It’s only after I’ve done the exploration work and tweaked the variables for maximum effect that I’m ready to rank them in order by their correlation values. So, with that out of the way, let’s look at Pearson’s r in more detail.

The textbooks make it abundantly clear: Pearson’s r quantifies the relationship between two continuous variables that are linearly related. Right away, we’ve got a problem: Very few of the variables I work with are continuous, and most of the relationships I see do not meet the definition of “linear”. Yet, I use Pearson’s r exclusively. Does this mean I’ve been misusing and abusing the method?

I don’t see it that way, but it is interesting to read how these things are discussed in the literature.

You can assess whether a relationship between two variables is roughly linear by looking at a scatterplot of the variables. Below is a scatterplot of ‘Giving’ (log-transformed) and ‘Age’, created in Data Desk. It’s a big, messy cloud of points (some 80,000 of them!). A lot of the relationship is hidden by overplotting (the overlapping of points) along the bottom line — that row of points at the zero giving mark represents non-donors, and there are many more of them near the young end of that line than there are near the older end. Still, at least you can see a vague linear relationship in the upward fanning of the data: As age increases, so does lifetime giving. A best-fit line through the data would slope upward from left to right, and therefore the Pearson correlation value is high.

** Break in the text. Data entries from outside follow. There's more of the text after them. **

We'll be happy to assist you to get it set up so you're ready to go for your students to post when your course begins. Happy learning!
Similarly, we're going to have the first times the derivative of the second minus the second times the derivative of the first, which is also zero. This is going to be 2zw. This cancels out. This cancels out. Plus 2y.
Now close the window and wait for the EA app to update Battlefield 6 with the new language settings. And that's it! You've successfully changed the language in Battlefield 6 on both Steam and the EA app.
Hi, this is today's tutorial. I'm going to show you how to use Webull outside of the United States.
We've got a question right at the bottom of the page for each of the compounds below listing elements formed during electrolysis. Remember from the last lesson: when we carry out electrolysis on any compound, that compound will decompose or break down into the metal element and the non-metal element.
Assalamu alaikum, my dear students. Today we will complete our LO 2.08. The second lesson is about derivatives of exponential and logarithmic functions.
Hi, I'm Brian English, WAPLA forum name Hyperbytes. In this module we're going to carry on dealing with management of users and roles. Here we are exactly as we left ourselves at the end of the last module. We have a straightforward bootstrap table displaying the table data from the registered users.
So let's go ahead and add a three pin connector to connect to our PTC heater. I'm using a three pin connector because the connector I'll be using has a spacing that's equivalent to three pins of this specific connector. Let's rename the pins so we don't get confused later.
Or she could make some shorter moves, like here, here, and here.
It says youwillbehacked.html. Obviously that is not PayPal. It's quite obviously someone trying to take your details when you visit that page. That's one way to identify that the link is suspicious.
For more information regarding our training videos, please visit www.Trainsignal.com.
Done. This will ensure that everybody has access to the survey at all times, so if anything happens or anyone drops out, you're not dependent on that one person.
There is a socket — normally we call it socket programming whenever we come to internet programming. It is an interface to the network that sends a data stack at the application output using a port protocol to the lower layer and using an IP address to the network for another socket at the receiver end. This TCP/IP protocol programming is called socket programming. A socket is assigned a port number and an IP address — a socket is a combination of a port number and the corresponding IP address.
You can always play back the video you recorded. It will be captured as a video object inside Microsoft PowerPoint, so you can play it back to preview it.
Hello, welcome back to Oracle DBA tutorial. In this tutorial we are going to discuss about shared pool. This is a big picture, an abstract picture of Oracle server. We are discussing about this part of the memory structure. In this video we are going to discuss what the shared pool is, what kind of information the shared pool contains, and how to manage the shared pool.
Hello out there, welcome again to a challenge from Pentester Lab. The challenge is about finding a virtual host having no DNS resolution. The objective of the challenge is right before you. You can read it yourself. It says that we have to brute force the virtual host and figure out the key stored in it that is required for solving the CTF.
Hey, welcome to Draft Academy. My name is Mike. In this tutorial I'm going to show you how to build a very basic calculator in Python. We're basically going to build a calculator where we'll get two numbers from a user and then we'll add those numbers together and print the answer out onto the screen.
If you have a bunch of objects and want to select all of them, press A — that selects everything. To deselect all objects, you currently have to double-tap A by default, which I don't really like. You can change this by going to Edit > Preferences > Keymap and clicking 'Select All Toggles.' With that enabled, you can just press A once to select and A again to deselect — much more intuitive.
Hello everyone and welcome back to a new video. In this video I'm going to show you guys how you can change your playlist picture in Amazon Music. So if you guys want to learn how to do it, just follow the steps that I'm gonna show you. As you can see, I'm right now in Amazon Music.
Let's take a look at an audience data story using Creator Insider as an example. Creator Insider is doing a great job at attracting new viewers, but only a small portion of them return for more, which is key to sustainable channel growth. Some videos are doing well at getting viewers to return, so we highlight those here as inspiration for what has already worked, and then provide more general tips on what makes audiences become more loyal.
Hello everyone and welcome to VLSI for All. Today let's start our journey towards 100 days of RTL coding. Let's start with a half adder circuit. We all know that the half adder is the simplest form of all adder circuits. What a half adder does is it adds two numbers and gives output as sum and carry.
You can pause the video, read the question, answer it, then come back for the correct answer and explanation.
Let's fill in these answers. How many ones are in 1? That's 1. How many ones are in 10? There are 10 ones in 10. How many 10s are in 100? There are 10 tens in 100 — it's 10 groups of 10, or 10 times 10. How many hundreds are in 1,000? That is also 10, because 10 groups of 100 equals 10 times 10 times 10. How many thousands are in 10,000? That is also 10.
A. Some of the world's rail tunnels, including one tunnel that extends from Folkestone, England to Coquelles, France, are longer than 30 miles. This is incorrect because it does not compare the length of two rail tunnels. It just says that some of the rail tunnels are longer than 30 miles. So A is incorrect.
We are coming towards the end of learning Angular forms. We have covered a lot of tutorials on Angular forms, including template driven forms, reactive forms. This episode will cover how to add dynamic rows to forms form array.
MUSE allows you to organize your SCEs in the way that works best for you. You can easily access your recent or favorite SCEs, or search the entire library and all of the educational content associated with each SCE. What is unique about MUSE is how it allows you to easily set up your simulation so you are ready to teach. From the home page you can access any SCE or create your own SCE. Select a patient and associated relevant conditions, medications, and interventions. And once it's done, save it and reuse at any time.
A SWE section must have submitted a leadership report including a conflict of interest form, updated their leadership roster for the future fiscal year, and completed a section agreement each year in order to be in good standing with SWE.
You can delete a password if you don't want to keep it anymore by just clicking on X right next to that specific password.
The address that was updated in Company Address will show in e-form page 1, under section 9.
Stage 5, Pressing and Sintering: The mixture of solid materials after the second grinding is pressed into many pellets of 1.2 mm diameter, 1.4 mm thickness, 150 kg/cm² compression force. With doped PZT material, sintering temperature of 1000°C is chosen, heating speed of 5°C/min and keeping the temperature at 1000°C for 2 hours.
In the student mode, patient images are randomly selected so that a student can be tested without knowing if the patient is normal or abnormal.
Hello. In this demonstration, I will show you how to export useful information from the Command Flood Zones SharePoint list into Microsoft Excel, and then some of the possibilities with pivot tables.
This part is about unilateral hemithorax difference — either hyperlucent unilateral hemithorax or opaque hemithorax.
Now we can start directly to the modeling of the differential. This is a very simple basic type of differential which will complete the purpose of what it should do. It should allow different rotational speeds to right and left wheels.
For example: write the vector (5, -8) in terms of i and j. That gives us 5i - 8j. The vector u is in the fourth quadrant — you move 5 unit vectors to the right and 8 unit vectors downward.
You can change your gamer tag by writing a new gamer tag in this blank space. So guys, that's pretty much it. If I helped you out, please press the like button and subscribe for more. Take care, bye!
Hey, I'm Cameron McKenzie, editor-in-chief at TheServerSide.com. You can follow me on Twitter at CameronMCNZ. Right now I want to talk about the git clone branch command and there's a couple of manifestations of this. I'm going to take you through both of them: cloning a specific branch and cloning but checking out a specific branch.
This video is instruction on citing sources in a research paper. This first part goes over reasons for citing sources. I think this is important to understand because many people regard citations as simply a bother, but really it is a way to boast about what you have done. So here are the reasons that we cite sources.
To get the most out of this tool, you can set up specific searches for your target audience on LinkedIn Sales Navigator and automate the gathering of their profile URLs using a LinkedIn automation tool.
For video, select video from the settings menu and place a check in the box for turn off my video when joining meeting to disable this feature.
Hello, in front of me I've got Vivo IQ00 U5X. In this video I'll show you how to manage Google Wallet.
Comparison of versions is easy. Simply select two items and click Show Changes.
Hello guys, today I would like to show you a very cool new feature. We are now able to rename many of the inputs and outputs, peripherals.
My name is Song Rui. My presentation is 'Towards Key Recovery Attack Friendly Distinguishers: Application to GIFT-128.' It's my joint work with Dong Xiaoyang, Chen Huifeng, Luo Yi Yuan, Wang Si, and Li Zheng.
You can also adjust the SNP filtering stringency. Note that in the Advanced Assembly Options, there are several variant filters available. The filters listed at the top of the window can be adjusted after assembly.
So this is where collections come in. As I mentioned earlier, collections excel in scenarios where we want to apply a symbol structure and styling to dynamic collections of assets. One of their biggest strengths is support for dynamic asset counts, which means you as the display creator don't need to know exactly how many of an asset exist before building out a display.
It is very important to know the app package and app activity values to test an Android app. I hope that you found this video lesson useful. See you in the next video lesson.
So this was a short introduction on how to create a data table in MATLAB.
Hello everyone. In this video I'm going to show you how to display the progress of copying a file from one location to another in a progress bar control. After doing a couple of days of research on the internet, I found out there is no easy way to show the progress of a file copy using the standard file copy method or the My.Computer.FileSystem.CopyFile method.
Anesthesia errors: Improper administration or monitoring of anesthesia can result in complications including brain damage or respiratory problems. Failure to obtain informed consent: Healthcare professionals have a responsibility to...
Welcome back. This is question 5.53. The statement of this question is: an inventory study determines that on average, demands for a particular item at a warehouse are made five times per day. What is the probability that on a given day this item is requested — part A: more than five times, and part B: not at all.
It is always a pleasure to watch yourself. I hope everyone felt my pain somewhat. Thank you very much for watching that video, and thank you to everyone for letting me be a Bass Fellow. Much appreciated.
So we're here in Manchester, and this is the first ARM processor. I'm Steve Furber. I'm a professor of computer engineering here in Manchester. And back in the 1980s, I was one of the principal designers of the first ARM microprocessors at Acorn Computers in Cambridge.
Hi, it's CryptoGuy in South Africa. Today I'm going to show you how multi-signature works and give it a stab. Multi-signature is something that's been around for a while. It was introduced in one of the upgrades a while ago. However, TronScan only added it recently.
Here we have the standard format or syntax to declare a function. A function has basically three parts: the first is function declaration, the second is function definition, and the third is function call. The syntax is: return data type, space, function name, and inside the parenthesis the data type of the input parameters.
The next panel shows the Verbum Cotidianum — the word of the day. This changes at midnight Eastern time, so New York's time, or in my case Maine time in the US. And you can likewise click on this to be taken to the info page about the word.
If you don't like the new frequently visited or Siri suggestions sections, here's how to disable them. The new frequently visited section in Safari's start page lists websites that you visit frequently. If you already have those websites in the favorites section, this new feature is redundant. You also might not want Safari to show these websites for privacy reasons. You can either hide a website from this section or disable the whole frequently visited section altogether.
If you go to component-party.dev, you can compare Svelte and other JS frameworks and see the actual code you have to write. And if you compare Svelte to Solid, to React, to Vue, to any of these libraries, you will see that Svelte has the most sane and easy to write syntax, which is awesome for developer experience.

We’ve got two continuous variables, and a linear relationship, so we get the Statistician’s Seal of Approval: It’s okay to use Pearson’s r to measure strength of correlation between these two variables.

Unfortunately, as I said, most of the variables we use in predictive modeling are not continuous, and they don’t look like much of anything in a scatterplot. Here’s a scatterplot of a Likert-scale survey response. The survey question asked alumni how likely they are to donate to alma mater, and the scale runs from 1 to 5, with 5 being “very likely.” This is not a continuous variable, because there are no possible intermediate values among the five levels. It’s ordinal. The plot with Lifetime Giving is difficult to interpret, but it sure isn’t linear:

Yes, the line of points for the highest response, 5, does extend higher than any other line in terms of lifetime giving. But due to overplotting, there is no way to tell how many nondonors lurk in the single dots that appear at the foot of every line and which indicate zero dollars given. This in no way resembles a cloud of points through which one can imagine a best-fit line being drawn. I can TELL you that a positive response to this question is strongly associated with high levels of lifetime giving, and it is, but you could be forgiven for remaining unconvinced by this “evidence”.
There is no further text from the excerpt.